According to an embodiment of the invention, a black polymer compound for near infrared sorting comprises: a base resin; about 0.01%to 0.08%of an aggregated black pigment selected from carbon black, silica coated carbon black, and silicon treated carbon black; and a first pigment having near infrared reflectivity. In the black polymer compound, a ratio of the aggregated black pigment and all the pigments having near infrared reflectivity is from 1: 12 to 1: 100 by weight. The black polymer compound has an NIR reflectance of at least 10%in the wavelength range of from 1200 to 1500 nm, preferably from 1100 to 1500 nm, and more preferably from 1000 to 1500 nm.

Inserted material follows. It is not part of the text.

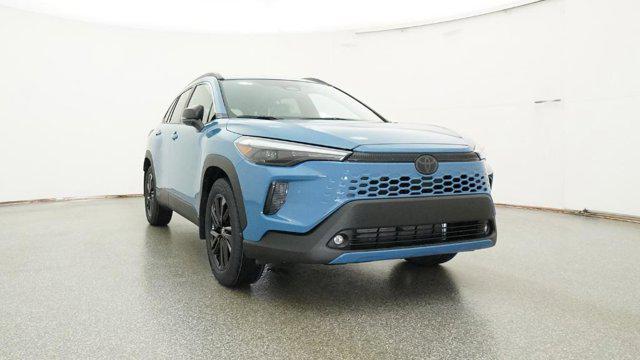 2026 Toyota Corolla Cross Hybrid XSE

Moreover, the black polymer compound has L*of at most 29.5, and preferably at least one of a*of at most 1.9 and b*of at most 0.5.

In the black polymer compound according to the embodiment, the amount of the aggregated black pigment is in the range of about 0.01 to about 0.08 wt%, preferably about 0.02 to about 0.07 wt%, and more preferably about 0.02 to about 0.04 wt%, for example, about 0.03 to about 0.05 wt%, or about 0.05 to about 0.065 wt%, based on the total weight of the black polymer compound. If the amount of the aggregated black pigment is less than about 0.01 wt%, the black polymer compound may not achieve good black coloring effect, for example, undertone a*and b*may not be substantially improved. If the amount of the aggregated black pigment is greater than about 0.08 wt%, the black polymer compound may not be detected by the NIR spectroscopy sorting systems. When the amount of the aggregated black pigment is within the above ranges, it can provide the black polymer compound which can be effectively detected by the near infrared sorting system and have good black coloring effect at the same time.

In the black polymer compound according to the embodiment, the ratio of the aggregated black pigment and all the pigments having near infrared reflectivity is from 1: 12 to 1: 100, preferably 1: 12 to 1: 50, more preferably 1: 15 to 1: 30, and most preferably 1: 15 to 1: 20, by weight. If the ratio of the aggregated black pigment and all the pigments having near infrared reflectivity is less than 1: 100, the black polymer compound may not achieve good black coloring effect, for example, undertone a*and b*may not be substantially improved. If the ratio of the aggregated black pigment and all the pigments having near infrared reflectivity is greater than 1: 12 (i.e., higher relative amount of aggregated black pigment) , the black polymer compound may not be detected by the NIR spectroscopy sorting systems. When the ratio of the aggregated black pigment and all the pigments having near infrared reflectivity is within the above ranges, it can provide the black polymer compound which can be effectively detected by the near infrared sorting system and have good black coloring effect at the same time.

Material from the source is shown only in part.